- **TRY IT**: When you reach the line that contains "Poisonous mushrooms in", please begin copying, and carry on exactly to the last line of the material, leaving out every picture.

- **DATA UNDER STUDY**:
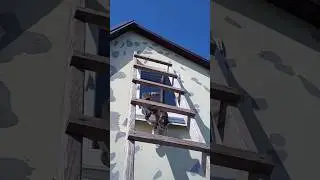 кто знает почему коты... 🐱 🐱 #bilding
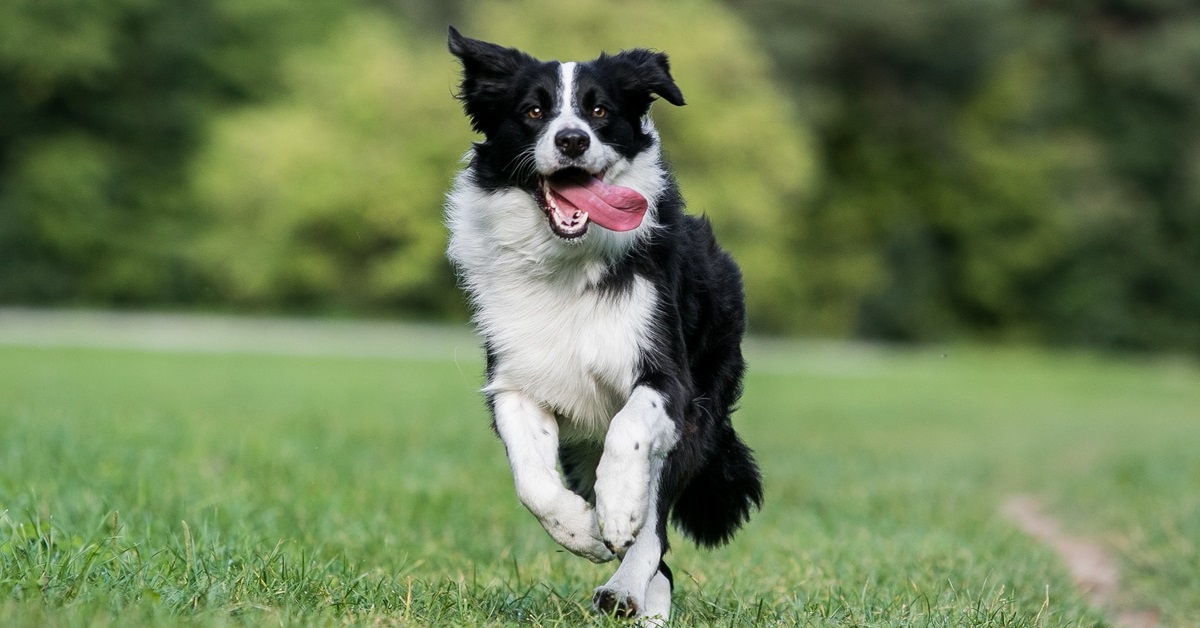 Cucciolo di Border Collie gioca con una pecorella (VIDEO)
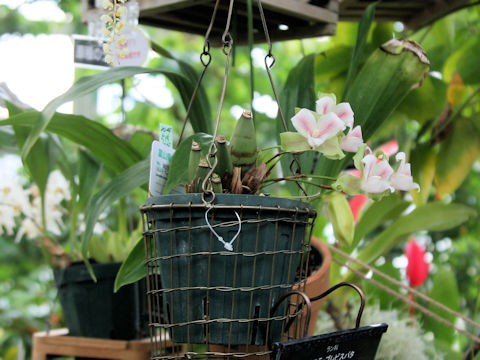 Lycaste brevispatha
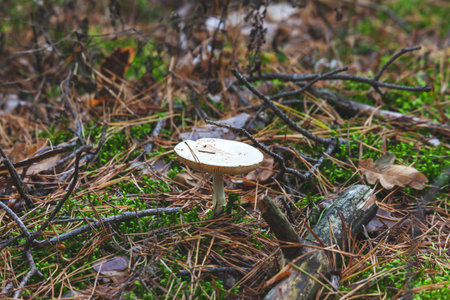 Poisonous mushrooms in the forest in Octoberの写真素材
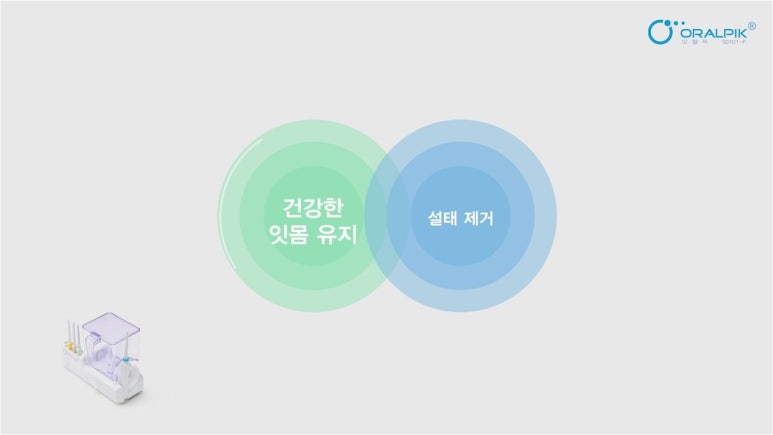 팝테크 이미지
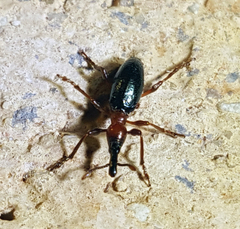Cylas formicarius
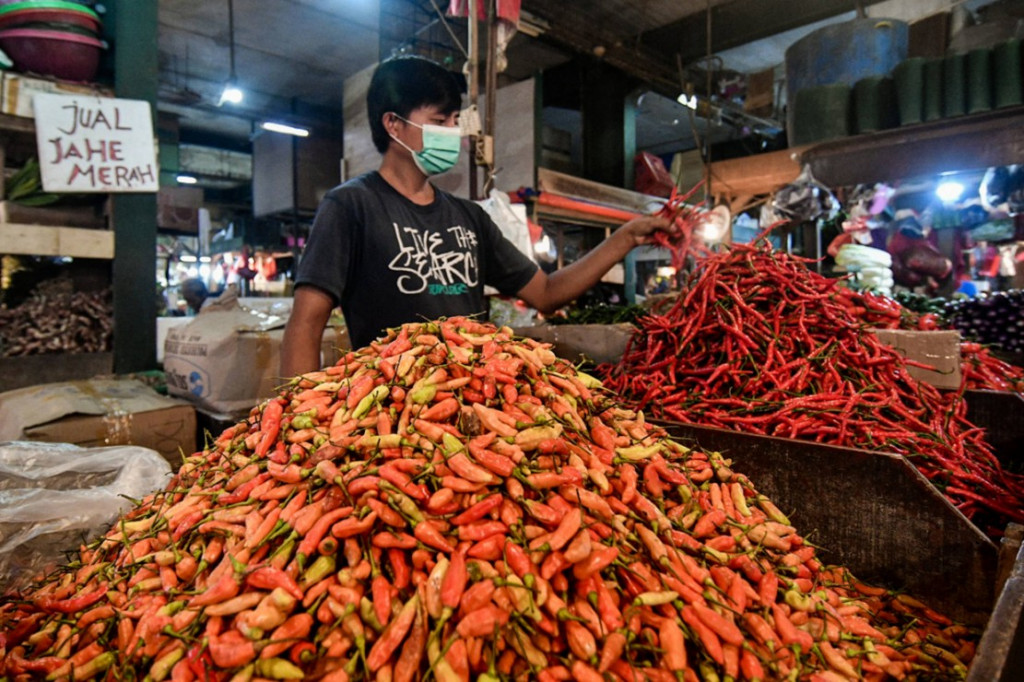 Pedagang sata menyortir cabai merah dan cabai rawit di Pasar Senen - - Foto: MI/ Andri Widiyanto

- **WORKED SOLUTION**:
 Poisonous mushrooms in the forest in Octoberの写真素材
 팝테크 이미지
Cylas formicarius
 Pedagang sata menyortir cabai merah dan cabai rawit di Pasar Senen - - Foto: MI/ Andri Widiyanto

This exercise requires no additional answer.